100 digital payment token firms in Singapore fail to win licenses: Report

More than 100 of 170 “digital payments token services” in Singapore failed to get licenses from the Monetary Authority of Singapore (MAS).

Despite the apparent strict regulation, 103 companies in the digital payments industry in Singapore were able to have their exemptions from regulatory requirements removed, Japan’s financial publication The Nikkei reported Monday. The Nikkei cited data from the MAS.

Sanjay Jain CEO of Bitxmi, a Dubai-based crypto exchange, stated that their Singaporean branch failed to receive a license from MAS.

Jain stated that “we can’t operate here.” Jain stated that although there is an office in Singapore, it is not sufficient to handle all our legal and accounting needs.

According to the MAS, Bitxmi exchange is listed on the official list that entities are no longer exempt from the Payment Services Regulations. The list, which was published on Wednesday, includes local branches from major industry players such as BitGo Singapore and Revolut Technology Singapore. It also includes South Korean blockchain firm Klaytn.

A second list includes entities that were exempted from the Payment Services Act. These include Bitstamp Limited and Coinbase Singapore. Gemini Trust is another.

According to MAS, the authority said it wants to encourage crypto and blockchain adoption, but is also open to the possibility of recognizing the risks. One representative from MAS stated that cryptocurrencies could be used to finance money laundering, terrorism financing, or proliferation financing because of their speed and cross-border nature.

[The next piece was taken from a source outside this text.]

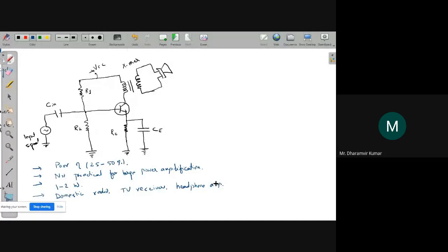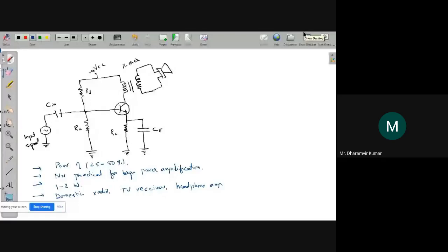We will see Class B and Class C amplifiers in the next class. I will end today here and resume from there next time. Please give your attendance in the chat box with your roll number and name.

“Digital payment token service providers Singapore must comply with requirements in order to mitigate such risks. These include the need to conduct proper customer due diligence and regular account reviews. They also have to monitor and report suspicious transactions.

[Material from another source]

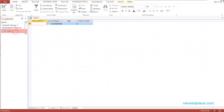Now if I close and double-click the table, you can see it is showing the current date automatically — you don't need to type it. Today is 12/20/2016. With this formula, the current date will come automatically.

Related: Singapore will position itself as a global crypto center, according to regulator

This news comes as some of the most prominent cryptocurrency exchanges are leaving Singapore. Binance.sg (the local branch of Binance), announced plans to close down all operations by mid February. Huobi exchange previously announced plans to close all accounts of Singapore-based users by March 2022, in order to allow them to re-enter Singapore via another local entity.